Monsters on Main Street (2014) **
D: Brad Leo Lyon
C: Brad Leo Lyon, Robert Z'Dar, Martin Klebba, Mason Heidger, Carly Ellwanger, Daniel Brown, William C. Fox, Todd Bridges
Plot Synopsis: A basketball coach who has never coached, let alone played basketball, has to use his wits to protect both his team & friends from not only zombies, but a mad slasher who have interrupted the first game of the season.
REVIEW: Monsters on Main Street isn't so much a film, but a series of vignettes connected by the tiniest of plot threads. The film is in its wheelhouse when the characters dissect various horror films. One of my favorite moments is when Brad Leo Lyon's character talks about how he would charge after the killer in a horror film, instead of running away. Yet, when his character is face to face with a mad slasher, Brad's character goes running in the opposite direction. So much for all that hyped up bravery.
The film also spoofs the gratuitousness of horror films that feature nudity or that sexualize there characters. Just one problem, it's not nearly gratuitous enough. For example, in one scene, a victim to be runs through a bar, topless, in an effort to get away from the mad killer. I've seen plenty of scenes like this in other horror films. Either the film should have gone with full frontal nudity or something reminiscent of the scene in Austin Powers in which they walk around naked, yet the goodies are concealed by randomly placed objects. When it comes to sending up something, you have to over exaggerate the situation in order to get the point across. Otherwise, the very thing that you're sending up, becomes a carbon copy of what you're trying to spoof.
We're also given a straight up comedy sub-plot reminiscent of The Bad News Bears involving a girl's high school basketball team. The coach has never played before. The girls are mainly there, because they've been forced to. They would rather be sleeping around, texting on their phones or beating people up. While this part of this film is certainly watchable, it's never as scathing as it could have been, because Monsters on Main Street fails to realize that The Bad News Bears was an indictment into adults imparting a win at all cost mentality onto kids. The way that the kids misbehaved in The Bad News Bears was to drive home the idea that this win at all cost attitude is robbing kids of their youth.
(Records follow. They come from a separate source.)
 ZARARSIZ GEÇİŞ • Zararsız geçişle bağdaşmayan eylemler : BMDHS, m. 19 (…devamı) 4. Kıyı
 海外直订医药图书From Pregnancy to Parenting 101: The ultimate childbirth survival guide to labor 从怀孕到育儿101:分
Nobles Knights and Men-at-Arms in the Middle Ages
And in between all of that, there's some horror set pieces such as zombies taking over a gym or a mad slasher, who in part, takes over Main Street due to zombies lurching about. These scenes feel poorly staged and choreographed. We also have some set pieces involving the film's headliners. Robert Z'Dar, of Maniac Cop fame, is wasted in a frivolous role. Scenes with Todd Bridges feel randomly injected. Out of the trio, Martin Klebba comes off best. His scenes feel prolonged, but he does have some truly funny moments.
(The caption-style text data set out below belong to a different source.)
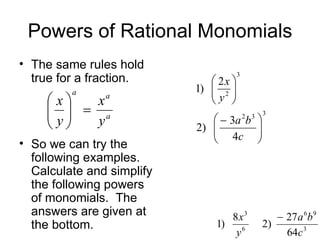 Powers of Rational Monomials The same rules hold true for a fraction.  So we can try the following examples. Calculate and simplify the following powers of monomials.  The answers are given at the bottom. 
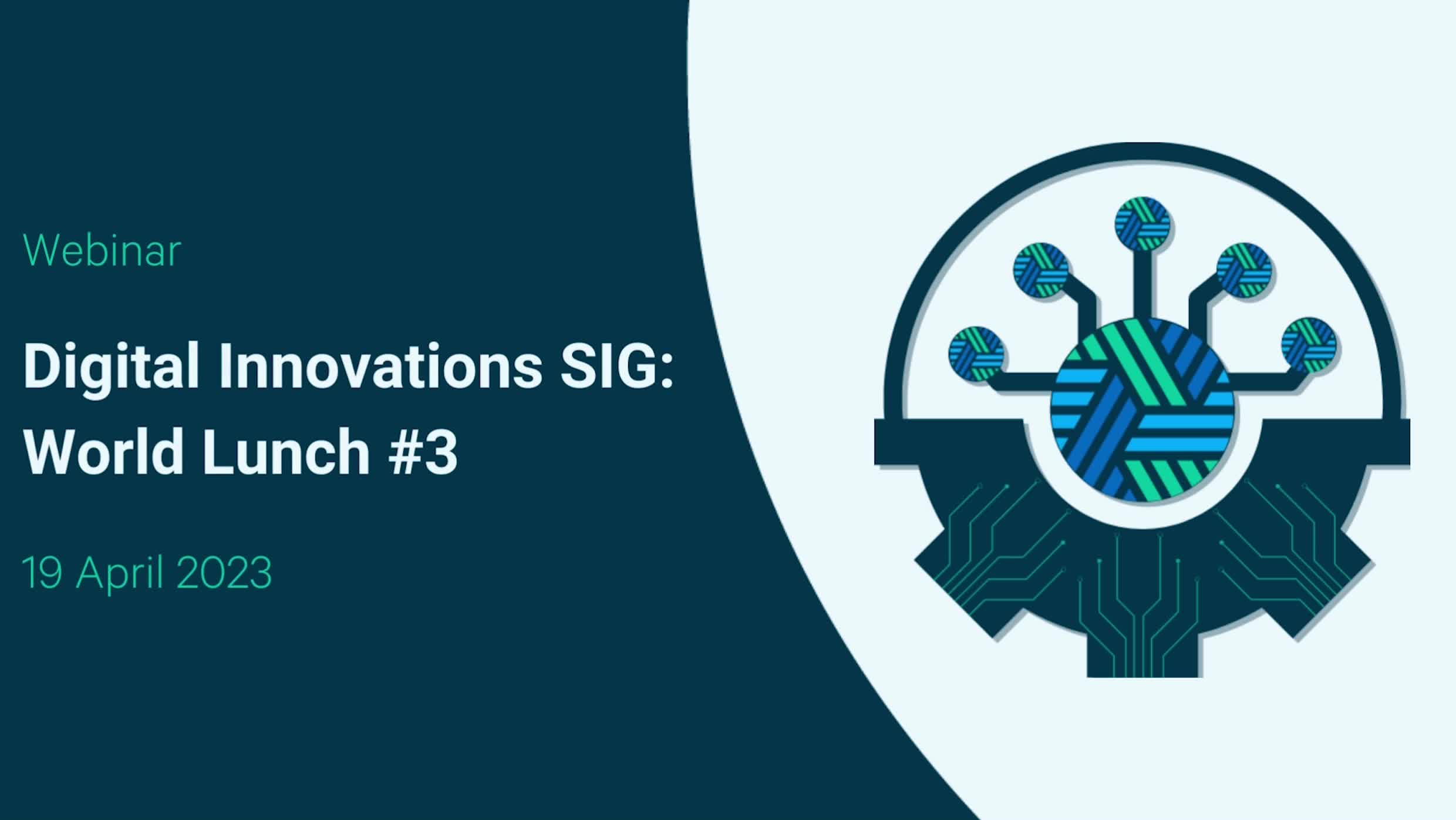 Digital Innovations SIG World Lunch #3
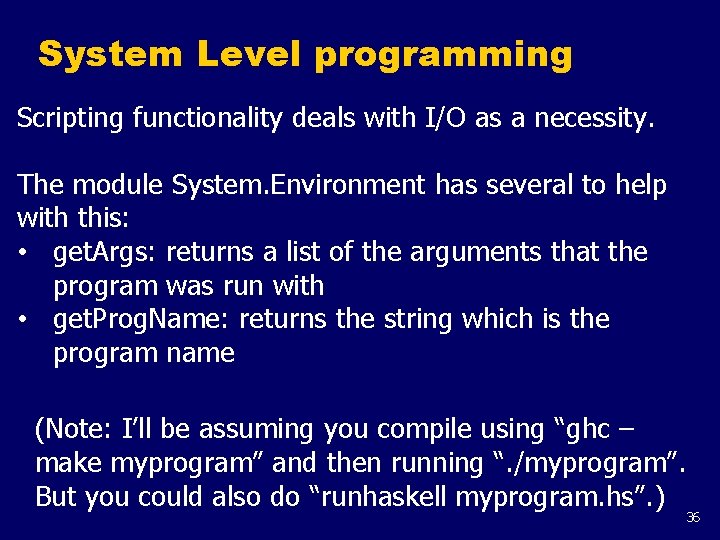 System Level programming Scripting functionality deals with I/O as a necessity. The module System.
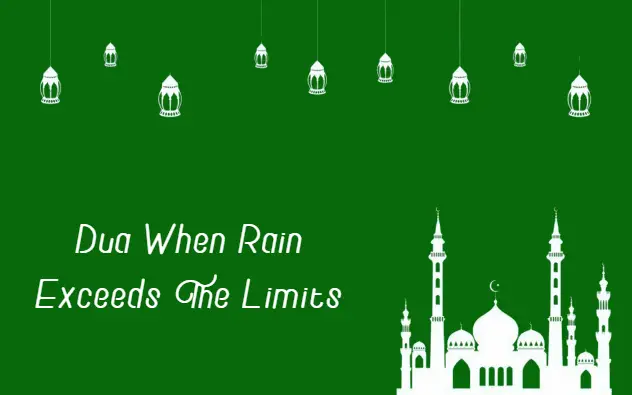 dua when rain exceeds the limits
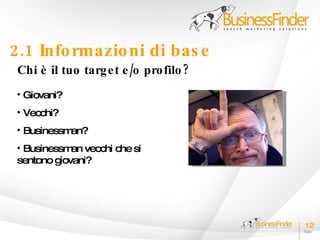 2.1 Info rmazio ni di bas e
 Chi è il tuo targ e t e /o pro filo ?
 • Giovani?
 • Vecchi?
 • Businessman?
 • Businessm vecchi che si
             an
 sentono giovani?




                                         12
 
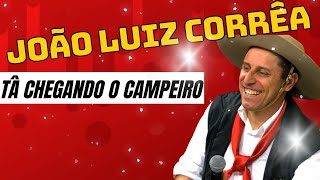 João Luiz Corrêa grupo campeirismo Tá Chegando o Campeiro Musica Gaúcha [upl. by Ellehs]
Now, with a running time of 110 minutes, Monsters on Main Street manages to throw in everything you could possibly think of into one movie, except maybe the kitchen sink. This is a super sized horror comedy. I was amused more often, then not. However, much like a super sized meal, after all was said and done, a part of me felt full due to the sheer length of the film's running time. Yet, a part of me felt empty. While the film tries to give you everything you could possibly want entertainment wise, none of it is nourishing. There's is so much of everything that I never quite connected to any one thing.
Next time around, I would like to see writer, director Brad Leo Lyon scale things down and give us something that's more focused and that has more structure. Monsters on Main Street has an ear for dialogue and awareness of the horror genre, but with so many other elements in play, that part of the film isn't allowed to truly shine. There's a lot more wrong, then there is right, but what's right was at least enough to keep my attention. [Not Rated] 110 mins.